- On 22/08/2021
- In Museum News
From Andrea Bernardi - The Jakarta Post
Fish dart across mosaic floors and into the ruined villas, where holidaying Romans once drank, plotted and flirted in the party town of Baiae, now an underwater archaeological park near Naples.
Statues which once decorated luxury abodes in this beachside resort are now playgrounds for crabs off the coast of Italy, where divers can explore ruins of palaces and domed bathhouses built for emperors.
Rome's nobility were first attracted in the 2nd century BC to the hot springs at Baiae, which sits on the coast within the Campi Flegrei -- a supervolcano known in English as the Phlegraean Fields.
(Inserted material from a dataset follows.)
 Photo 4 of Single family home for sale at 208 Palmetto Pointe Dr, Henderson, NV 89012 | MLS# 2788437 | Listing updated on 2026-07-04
Seven emperors, including Augustus and Nero, had villas here, as did Julius Caesar and Mark Anthony. The poet Sextus Propertius described the town as a place of vice, which was "foe to virtuous creatures".
It was where "old men behave like young boys, and lots of young boys act like young girls," according to the Roman scholar Varro.
But by the 4th century, the porticos, marble columns, shrines and ornamental fish ponds had begun to sink due to bradyseism, the gradual rise and fall of land due to hydrothermal and seismic activity.
The whole area, including the neighbouring commercial capital of Pozzuoli and military seat at Miseno, were submerged. Their ruins now lie between four and six metres (15 to 20 feet) underwater.